UHY Hacker Young, analysing data from the HMRC Let Property Campaign, says London commuter towns make up all the top five hotspots for tax avoidance by buy to let landlords .

Ilford had the highest number of landlords per capita in the country admitting that they have underpaid the tax on their property income in the last year (14.3 landlords per 100,000 people). 

In second place was Slough, with 12.6 landlords admitting they had underpaid tax per 100,000, followed by Dartford (12.1), Luton (11.6) and Enfield (11.3).

These disclosures of tax avoidance by buy to let landlords were made under HMRC’s Let Property Campaign. 

The campaign proactively mail shots buy to let landlords suspected of avoiding tax on their rental income warning them of the consequences of tax avoidance.

The campaign has been successful at encouraging millions of buy-to-let landlords to come forward and declare unpaid tax – partly to avoid a full-blown tax investigation. 
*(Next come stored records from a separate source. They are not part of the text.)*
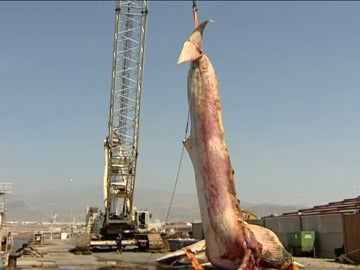 Retiran una enorme ballena en las costas de Gran Canaria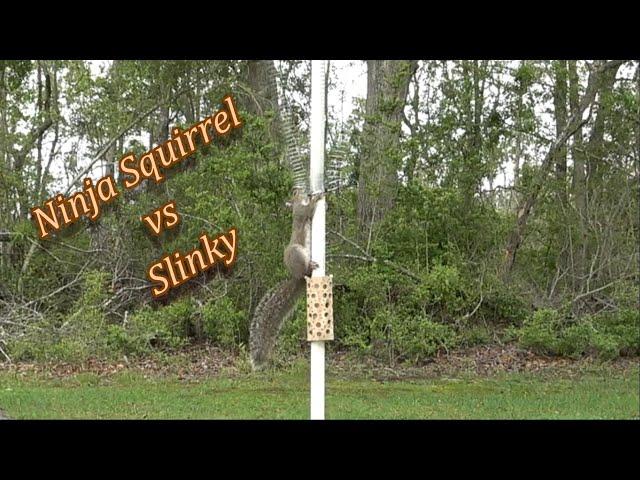 Ninja Squirrel vs Slinky - Vertical Squirrel Obstacle Course :-)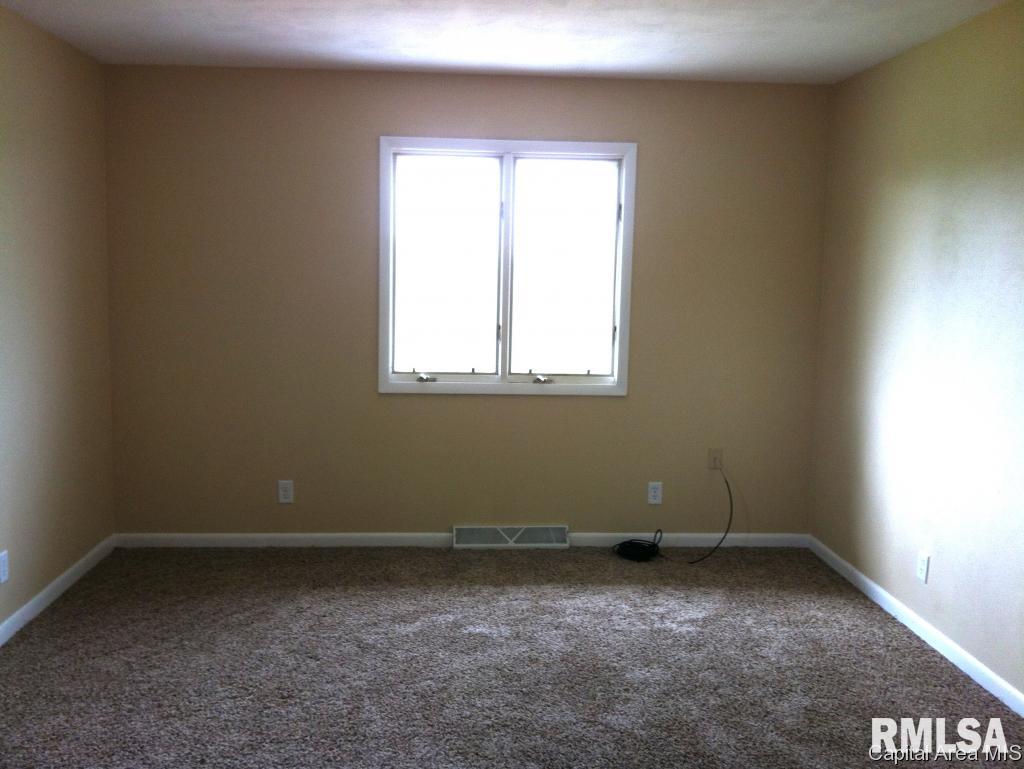 7662 New City Road Rochester, IL 62563 - Photo 23 of 36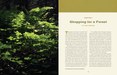 ForestOfYourOwn_Spreads2-1.jpg
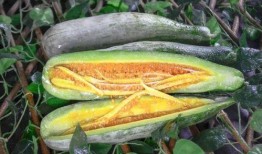 情侣网红吃瓜图片,甜蜜互动引网友热议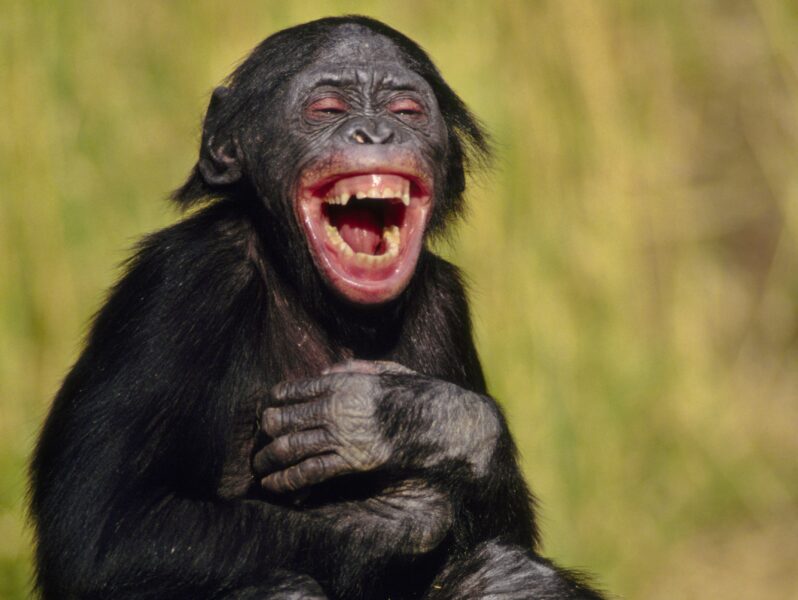 hình ảnh cười bá đạo của khỉ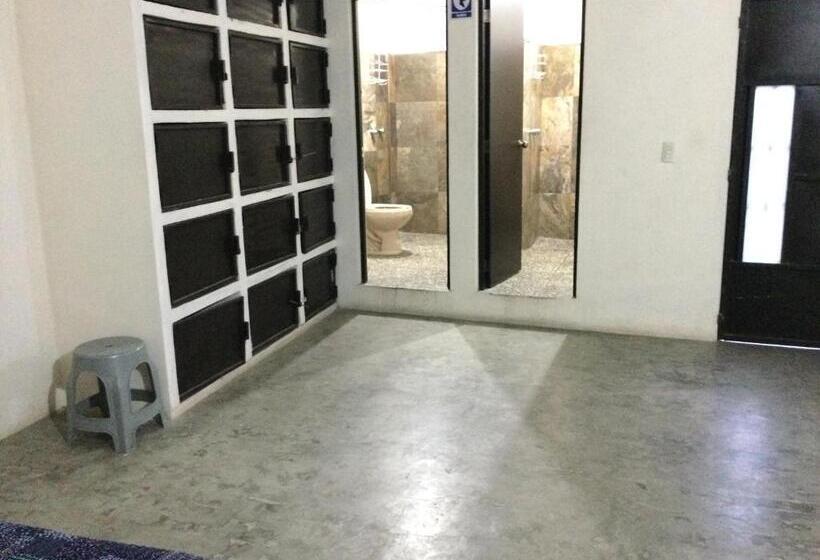 Trotamundo Oaxaca Hostel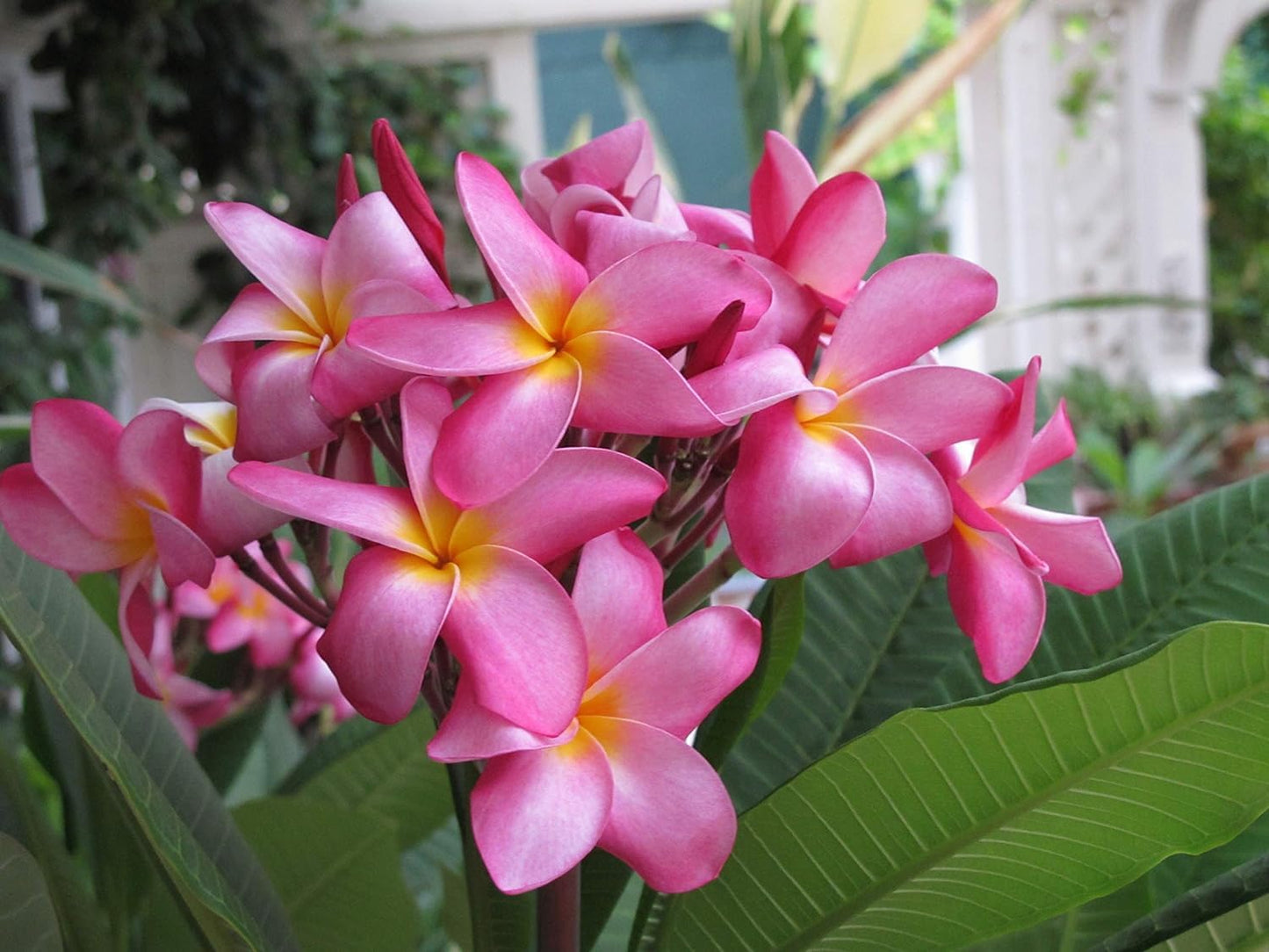 Pink Plumeria Plant Cuttings Live Hawaiian Tropical Plants 9-12 inches Long 1 Pack Discount Hawaiian Gifts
The total amount of additional tax collected by HMRC through the campaign amounted to £17.7m in the last year.

UHY Hacker Young claims that HMRC’s Connect AI system detects targets for the Let Property Campaign by automatically cross-referencing data from sources including council tax bills, the Land Registry and even Rightmove and Zoopla listings.

Buy to let is seen as a relatively accessible investment for individuals, with almost 2.7m private landlords in the UK. 

However, many buy to let landlords are not professional investors and may fail to seek professional tax advice, potentially leading to mistakes and omissions in tax returns.

Neela Chauhan, partner at UHY Hacker Young, says: “HMRC sees rich pickings in the buy to let market in terms of unpaid tax. The amounts collected from landlords who have voluntarily come forward suggest they may be right in their assessment.

“Landlords leave themselves vulnerable to prosecution and even a prison sentence if they fail to declare the correct amount of rental income or pay Capital Gains Tax on the sale of buy to let properties.

“Given the consequences of laying low, proactively admitting a possible error to HMRC is unquestionably the prudent course of action.”